======== Supplied material ========
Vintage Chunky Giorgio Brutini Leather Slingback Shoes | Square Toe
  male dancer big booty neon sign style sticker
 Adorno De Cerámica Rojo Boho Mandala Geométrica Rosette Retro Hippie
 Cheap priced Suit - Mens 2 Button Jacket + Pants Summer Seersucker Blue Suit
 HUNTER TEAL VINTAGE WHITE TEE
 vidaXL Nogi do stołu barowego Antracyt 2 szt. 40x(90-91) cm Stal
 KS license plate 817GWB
========
======== Supplied material ========
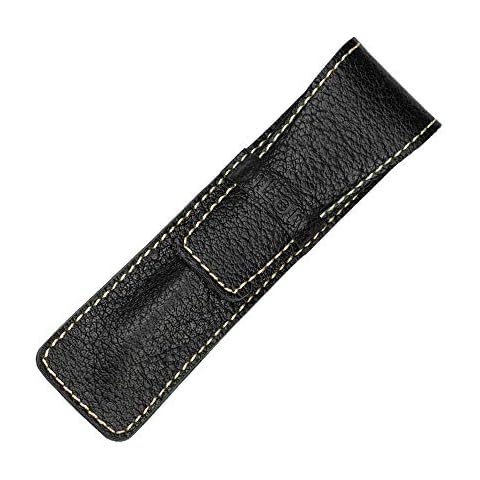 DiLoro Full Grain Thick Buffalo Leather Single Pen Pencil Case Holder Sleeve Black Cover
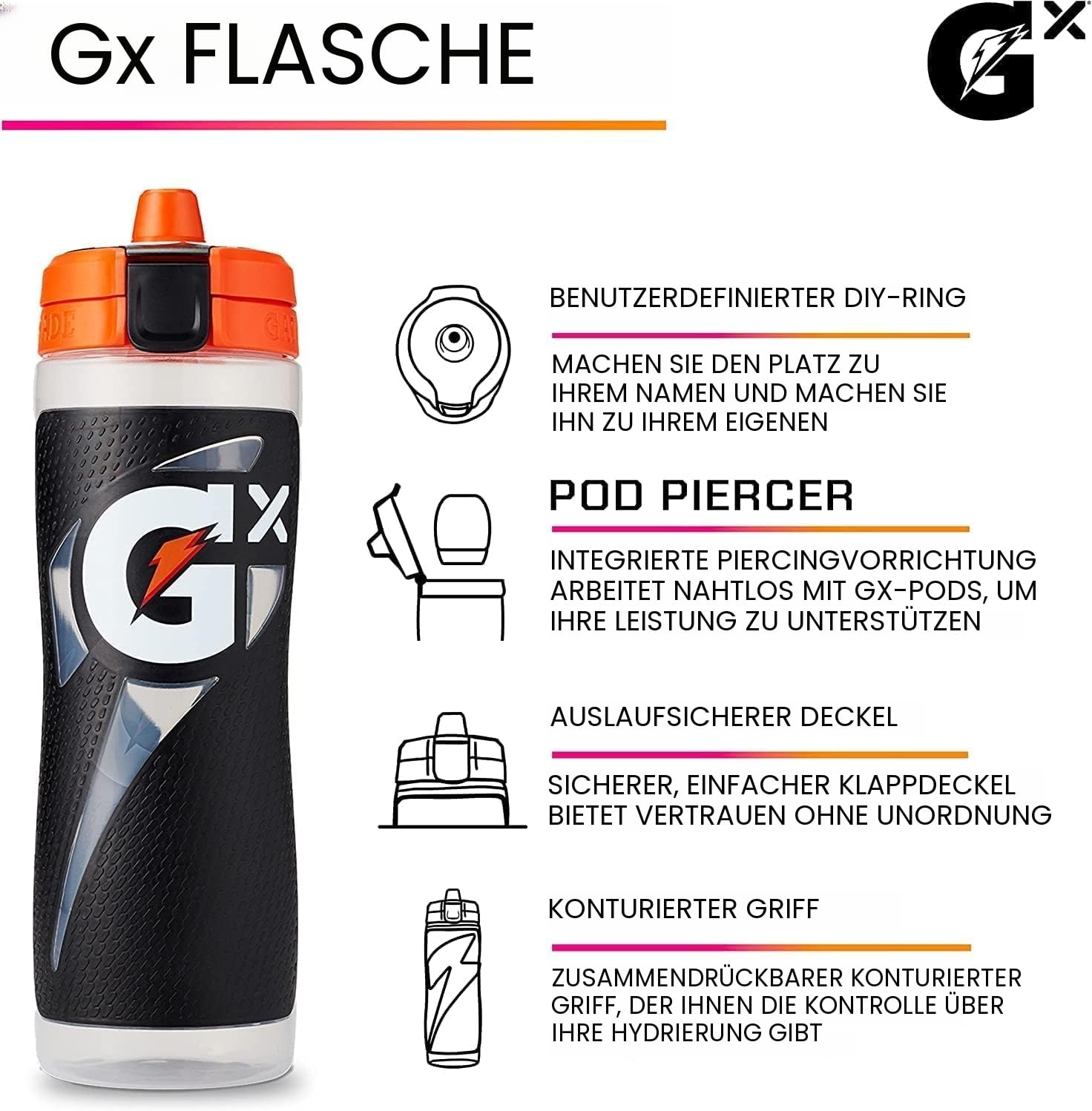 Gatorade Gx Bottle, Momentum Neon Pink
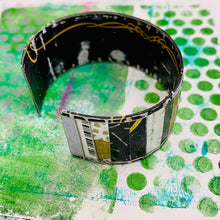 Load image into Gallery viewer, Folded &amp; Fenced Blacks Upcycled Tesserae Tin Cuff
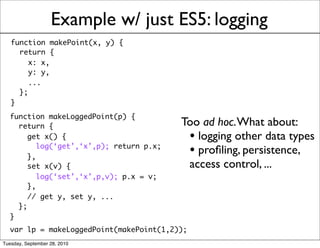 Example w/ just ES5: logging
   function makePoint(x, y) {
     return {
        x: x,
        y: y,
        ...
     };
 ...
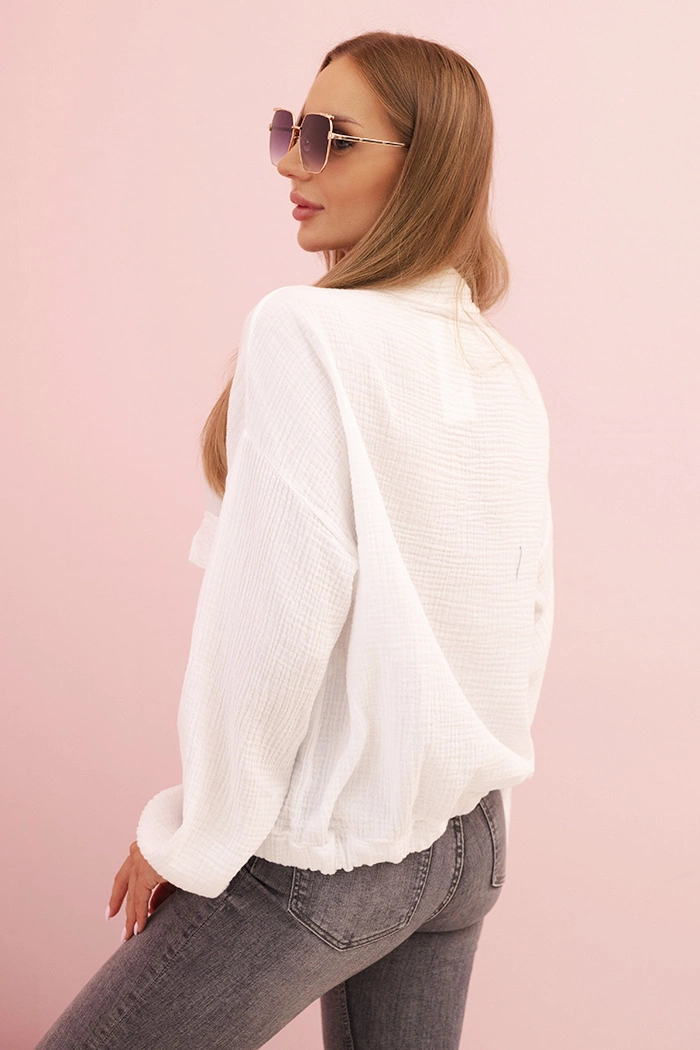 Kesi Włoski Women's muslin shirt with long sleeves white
========
======== Supplied material ========
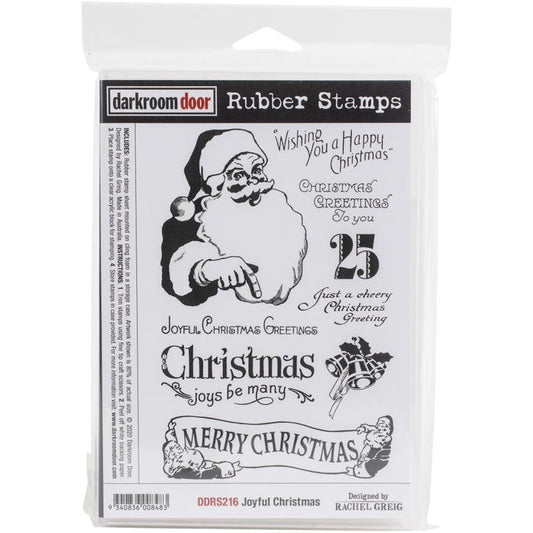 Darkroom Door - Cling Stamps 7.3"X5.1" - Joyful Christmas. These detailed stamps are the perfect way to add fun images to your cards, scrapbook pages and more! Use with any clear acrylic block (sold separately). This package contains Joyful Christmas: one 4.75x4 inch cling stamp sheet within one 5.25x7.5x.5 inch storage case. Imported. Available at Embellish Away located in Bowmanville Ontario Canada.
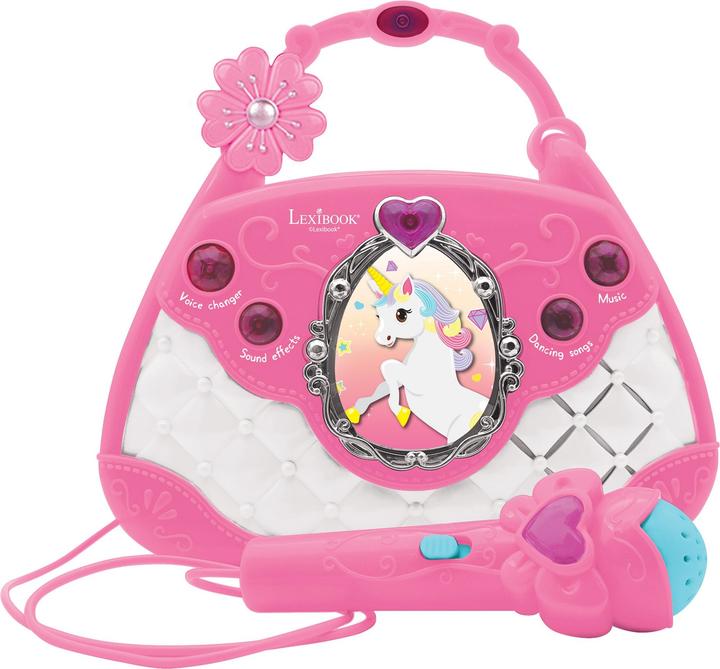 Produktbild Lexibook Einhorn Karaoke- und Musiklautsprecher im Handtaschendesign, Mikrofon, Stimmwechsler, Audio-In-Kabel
========
• Problem to work on
Copy the entries above exactly, but only the stretch from the line containing "function makePoint(x, y)" through the line containing "Kesi Włoski Women's". Keep both end lines; drop the pictures.

• Written response
   function makePoint(x, y) {
     return {
        x: x,
        y: y,
        ...
     };
 ...
 Kesi Włoski Women's muslin shirt with long sleeves white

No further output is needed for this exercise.